I had no intention of watching Love Story: John F. Kennedy Jr. and Carolyn Bessette. I thought it was going to be just another example of Ryan Murphy trash TV. It lured me in with its promise of ’90s nostalgia and the usual Murphy mixture of beautiful people in glamorous locations, but then turned the tables on me and became something that I was still thinking about hours after it ended. It became a deeply affecting drama that turned two people who had been mere tabloid fixtures into three-dimensional human beings I actually cared about. It became more than just a love story, but a meditation on the destructive nature of fame itself.
The series starts with the courtship of JFK Jr. and Bessette, a publicist at Calvin Klein, with Bessette playing hard to get, while JFK Jr. is still nominally dating actress Daryl Hannah.
This is the fun part of the series. This is the part that gave me something I never knew I wanted: ’90s nostalgia. A pre-cell phone era filled with glamorous restaurants (Odeon, Indochine, Bubby’s), great music (Madonna, Sade), and celebrities (Calvin Klein, Cindy Crawford, Kate Moss).
By the end of the series, JFK Jr. and Bessette are struggling to keep their marriage together as Bessette, who has quit her publicist job due to all the media attention focused on her, feels trapped inside their apartment.
I don’t know what went on in the personal lives of JFK Jr. and Bessette, so I have to look at this as a work of fiction. (There’s a disclaimer at the beginning of each episode that says some people and events were fictionalized for dramatic purposes.) But as a work of fiction, it’s extremely well done.
The great writing (Connor Hines is the primary screenwriter) is helped by strong performances by Grace Gummer as Caroline Kennedy, Jessica Harper as Ethel Kennedy, Constance Zimmer as Carolyn Bessette’s mother (Ann Messina Freeman), Naomi Watts as Jacqueline Kennedy Onassis and Alessandro Nivola as Calvin Klein. Even Paul Anthony Kelly (JFK Jr.) and Sarah Pigeon (Carolyn Bessette), who, like the people they portray, are two of the most beautiful people I’ve ever seen, turn in affecting performances.

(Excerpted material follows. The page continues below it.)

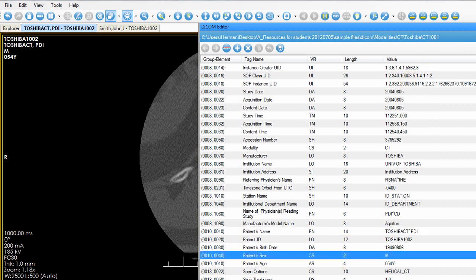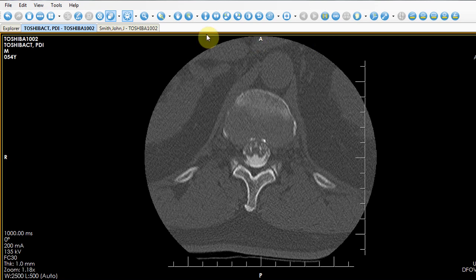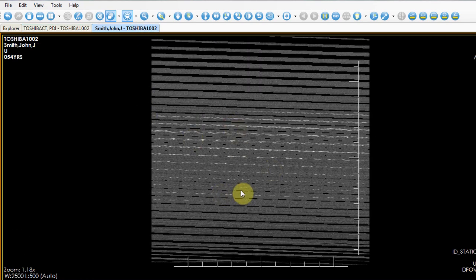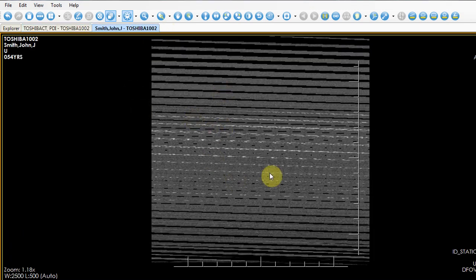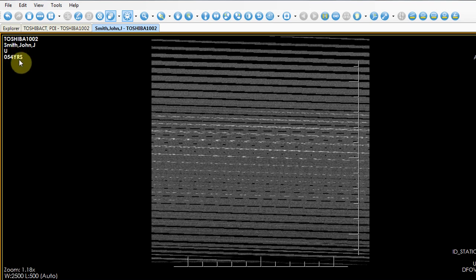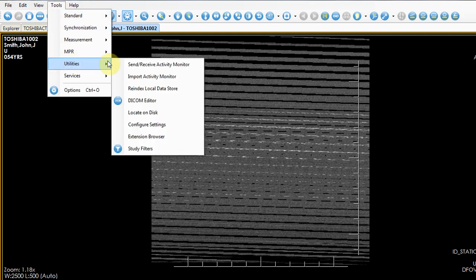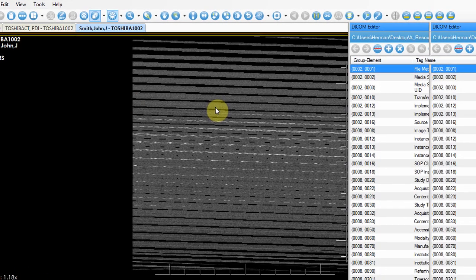Now if you have a problem image, we do exactly the same thing. Here's a problem image — you can see it's totally distorted. This is called a John Smith image, and it's totally distorted, so there might be some issues with the patient header. There are some unusual values showing — unknown sex and some different information for the age as well. Again, we do exactly the same thing: call Utilities, DICOM Editor, and see in the DICOM header what might be wrong.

There’s been some controversy about the portrayal of Daryl Hannah (played by Dree Hemingway). She comes off as a bit of an airhead. (If you read Hannah’s well-written essay in The New York Times, you know that she’s much more than a ditzy movie star.) But even the fictionalized Hannah comes across as someone who tried to save JFK Jr. from the trap of his own fame.
Murphy is primarily known for guilty pleasures like The Beauty, Feud and American Horror Story. But this, along with The Boys in the Band and The Normal Heart, may be one of the best series he’s done.
I just hope it doesn’t spawn a JFK Jr. bus tour.